-- Opening Marker --

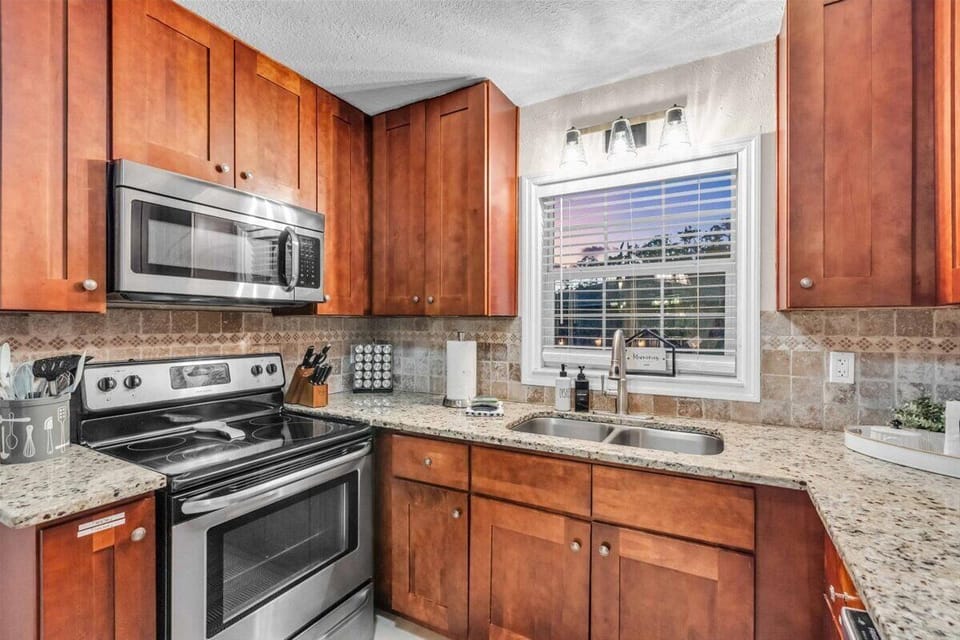 Beautiful modern kitchen with granite countertops and dark wood cabinets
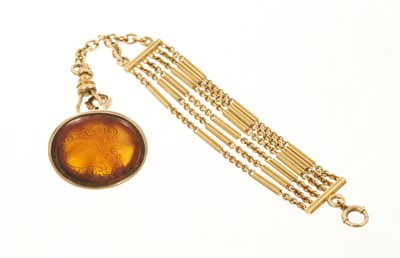 Lot 407 - Georgian gold seal with an intaglio carved carnelian crest on an antique gold six strand fob chain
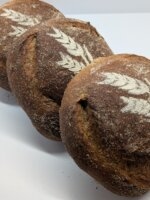 Crusty Black Forest Farmhouse bread made with white and rye flour — rustic outside like a mountain path, soft inside like morning mist.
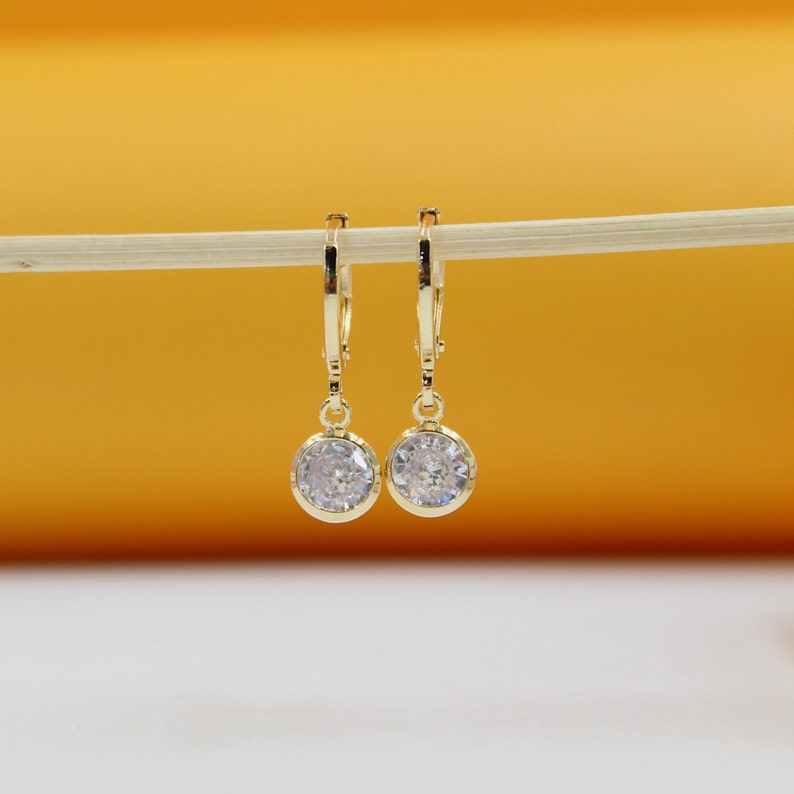 A pair of gold huggie hoop earrings featuring sparkling round cubic zirconia stone pendants hangs from a thin white stick against a warm yellow and white background.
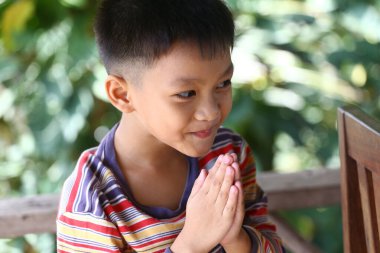 Neşeli genç bir çocuk, masumiyetini ve neşesini gösteren bir dua anında yakalanıyor. Bereketli yeşilliklerle çevrili, mutluluğu ve derin bir kültür duygusunu simgeliyor..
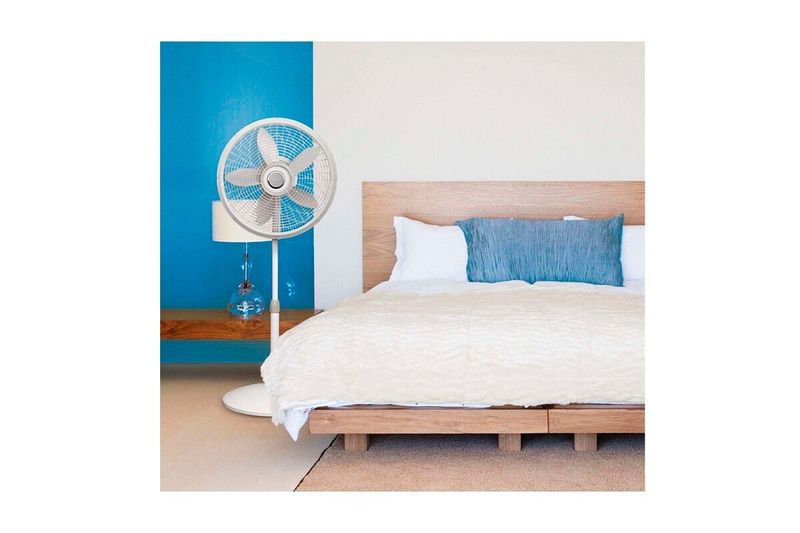 Abanico de pedestal 18 pulgadas 3 velocidades modelo M1820 blanco Lasko, ubicado en una habitación junto a una cama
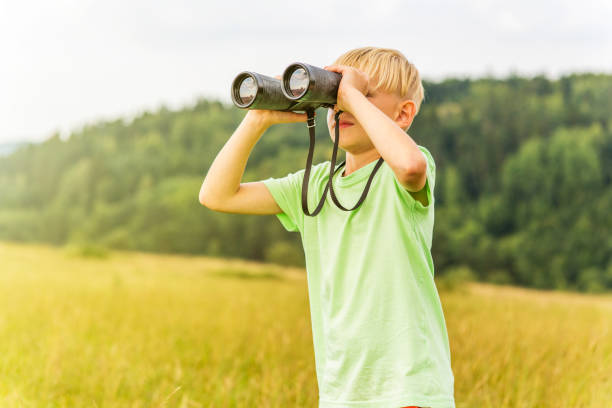 istock Young boy looking through binoculars, outdoors 1082955992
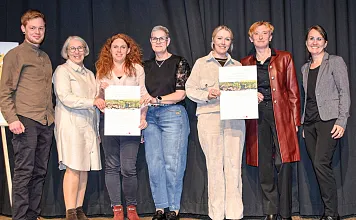 Gruppe von sieben Personen steht auf einer Bühne und hält Zertifikate, lächelt in die Kamera. Der Hintergrund ist ein dunkler Vorhang.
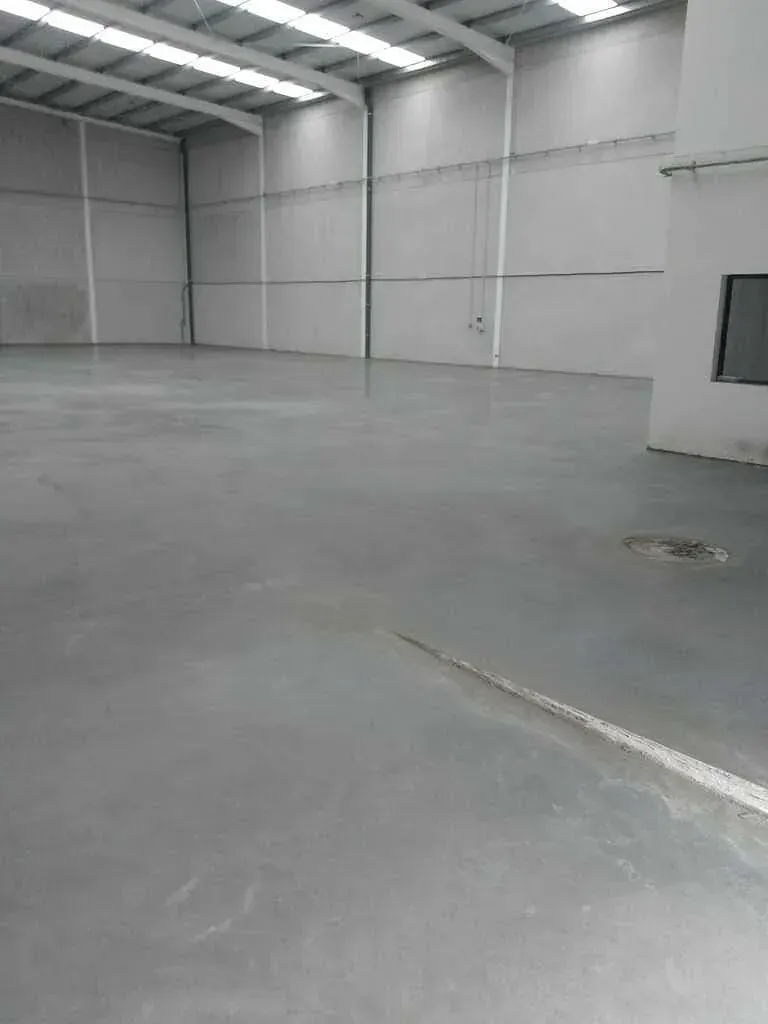 Un almacén vacío con suelo de hormigón y paredes blancas.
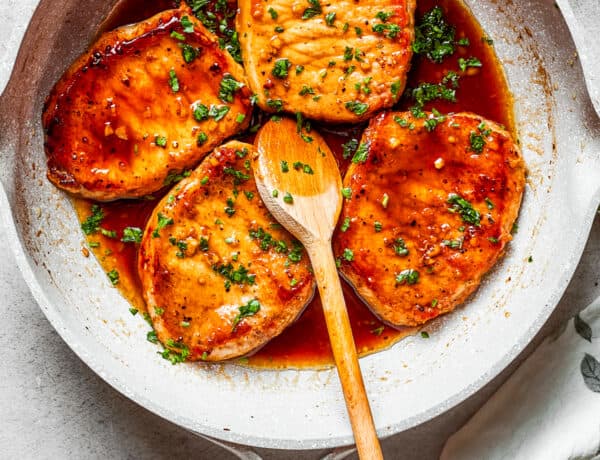 Four honey garlic pork chops cooking in a skillet with a wooden spoon stirring through.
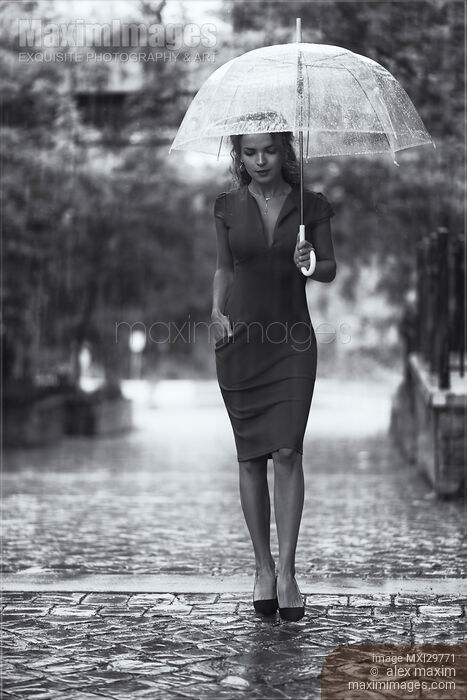 Young woman in elegant dress with umbrella walking thoughtfully in the rain Black and white Stock photo of Young woman in elegant dress with umbrella walking thoughtfully in the rain Black and white Buy commercial use license at MaximImages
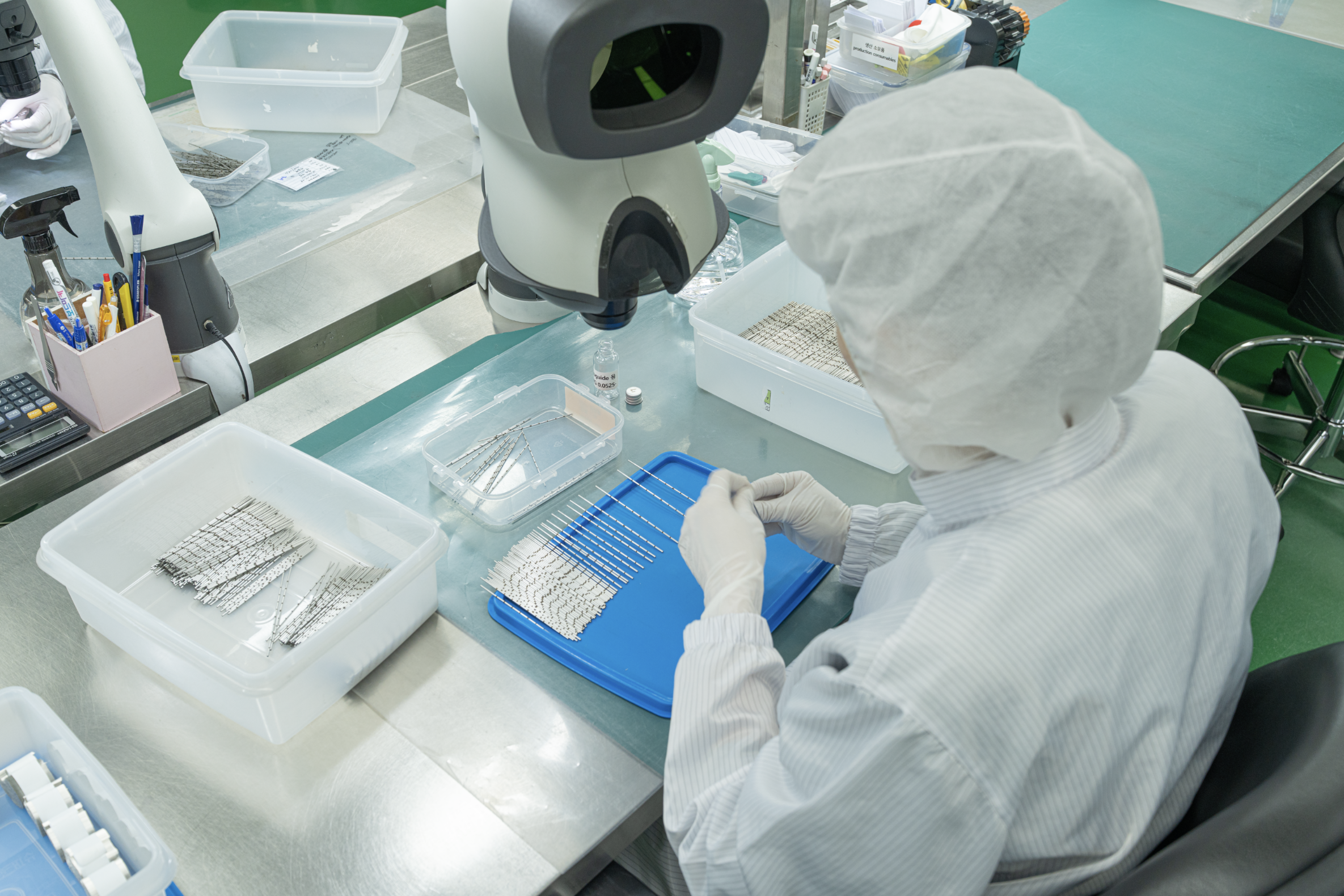 Medical device manufacturing process involving engineering, development, precision production, and regulatory compliance.
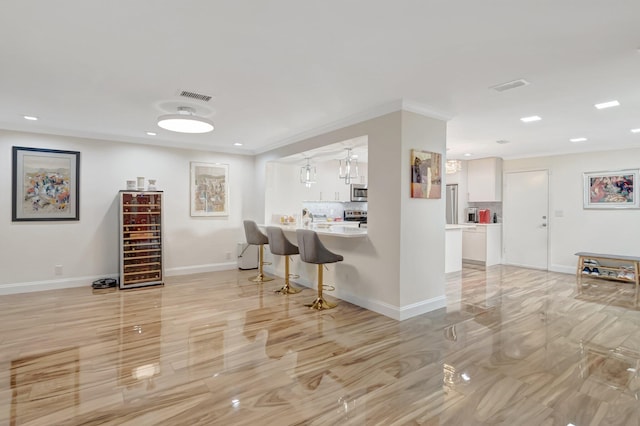 kitchen with visible vents, beverage cooler, a kitchen breakfast bar, white cabinets, and stainless steel appliances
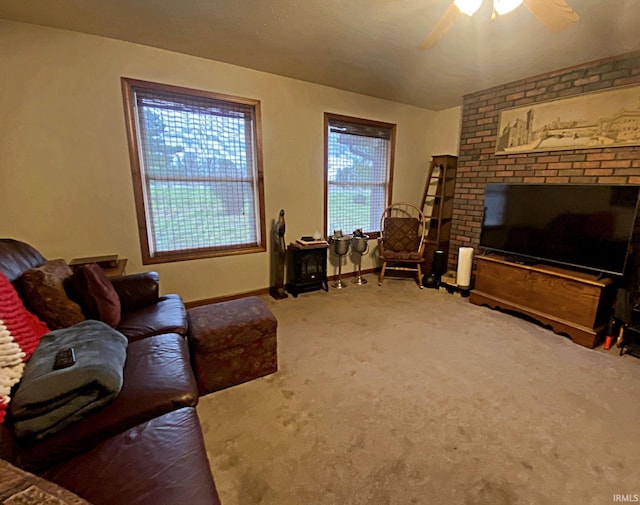 carpeted living room featuring ceiling fan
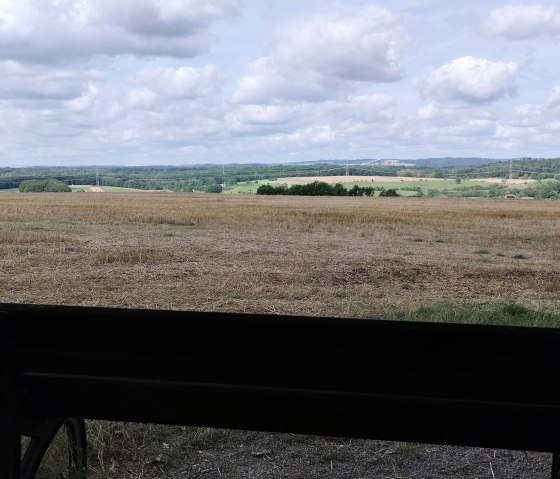 Un banc se trouve devant un vaste champ avec vue sur des collines boisées sous un ciel nuageux., © TI Bitburger Land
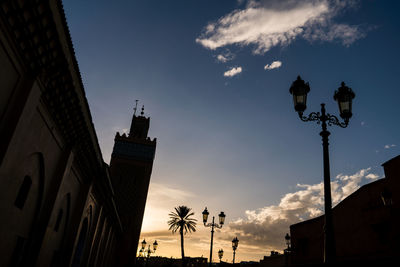 Low angle view of silhouette buildings against sky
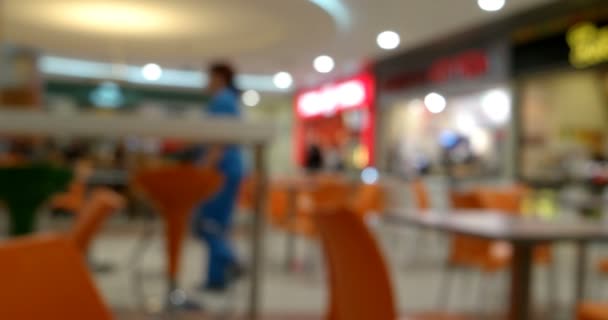 Out of focus footage inside food court restaurant — Stock Video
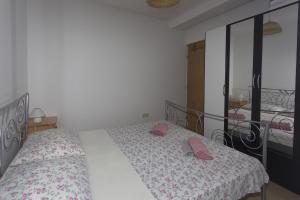 Posteľ alebo postele v izbe v ubytovaní Gospodar Apartments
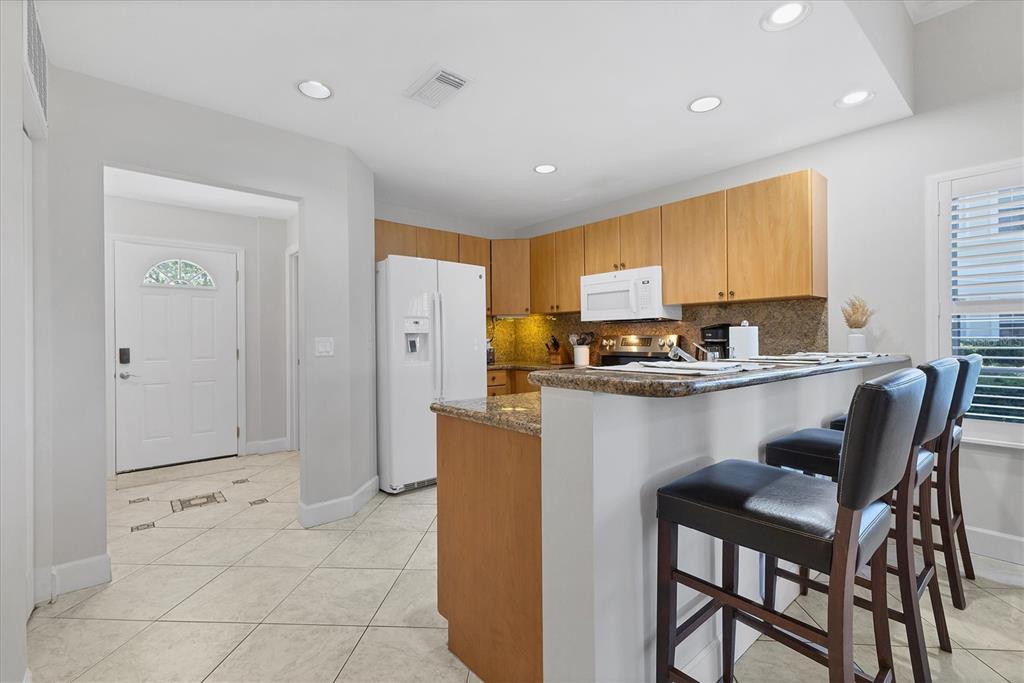 3605 54th Drive West, Unit 104 Bradenton, FL 34210 - Photo 12 of 65 a kitchen with stainless steel appliances granite countertop a refrigerator a stove a sink a dining table and chairs with white cabinets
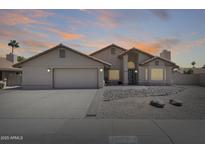 Charming single-story home featuring desert landscaping and a two-car garage at 7253 S Terrace Rd, Tempe, AZ 85283
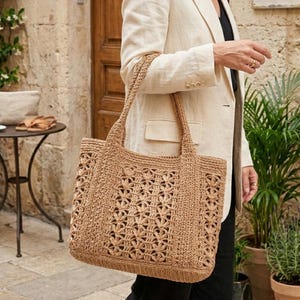 Op de afbeelding: Een bruine gehaakte tote bag met een bloemenpatroon wordt gedragen. De tas heeft twee handvatten en een rechthoekige vorm. De persoon draagt een crèmekleurige blazer en een zwarte broek. Op de achtergrond een stenen muur en potplanten.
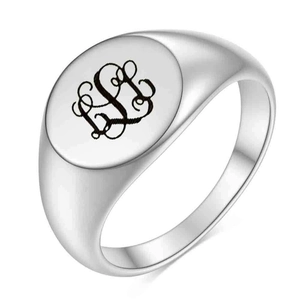 Detalle de anillo de sello de acero inoxidable plateado con monograma de letra cursiva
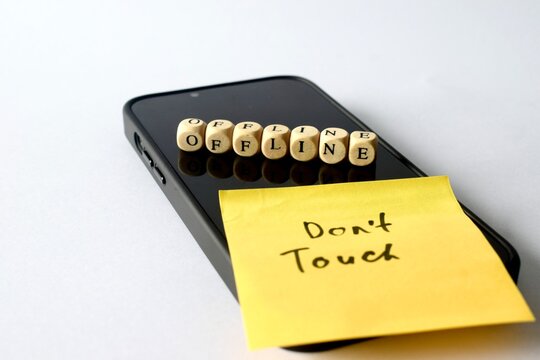 Close-up of a modern smartphone with wooden blocks spelling "OFFLINE" and a yellow sticky note reading "Don't Touch" on a white background, symbolizing a digital detox.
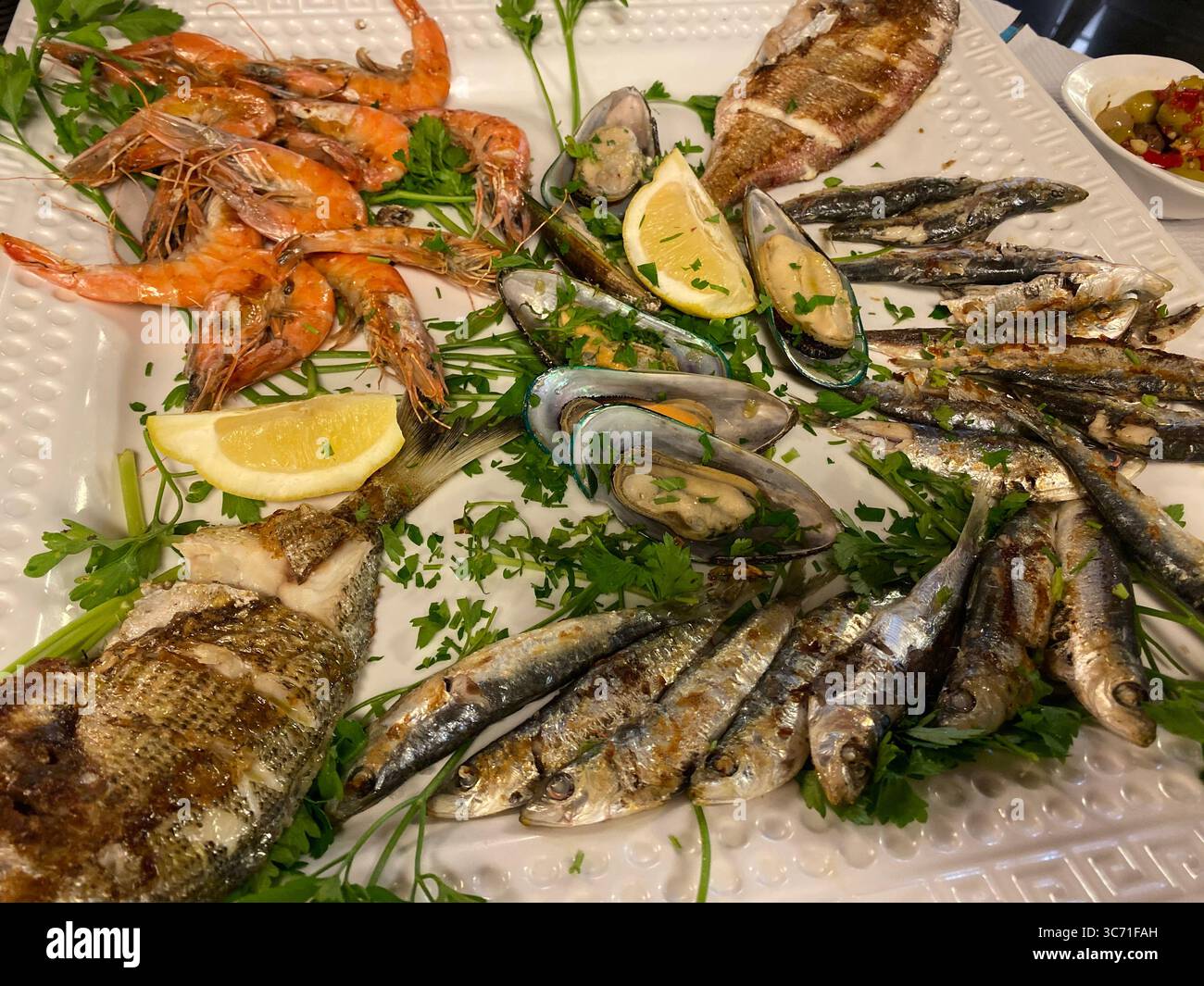 Eine köstliche Meeresfrüchte-Platte mit gegrilltem Fisch, Garnelen und Muscheln auf einem weißen Teller. Stockfoto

-- Closing Marker --

Of all the material above, only the lines from the one that has "istock Young boy" down to the one that has "Un banc se trouve" are to be written out, exactly and with both ends included. Pictures are skipped.

### Problem solution
 istock Young boy looking through binoculars, outdoors 1082955992
 Gruppe von sieben Personen steht auf einer Bühne und hält Zertifikate, lächelt in die Kamera. Der Hintergrund ist ein dunkler Vorhang.
 Un almacén vacío con suelo de hormigón y paredes blancas.
 Four honey garlic pork chops cooking in a skillet with a wooden spoon stirring through.
 Young woman in elegant dress with umbrella walking thoughtfully in the rain Black and white Stock photo of Young woman in elegant dress with umbrella walking thoughtfully in the rain Black and white Buy commercial use license at MaximImages
 Medical device manufacturing process involving engineering, development, precision production, and regulatory compliance.
 kitchen with visible vents, beverage cooler, a kitchen breakfast bar, white cabinets, and stainless steel appliances
 carpeted living room featuring ceiling fan
 Un banc se trouve devant un vaste champ avec vue sur des collines boisées sous un ciel nuageux., © TI Bitburger Land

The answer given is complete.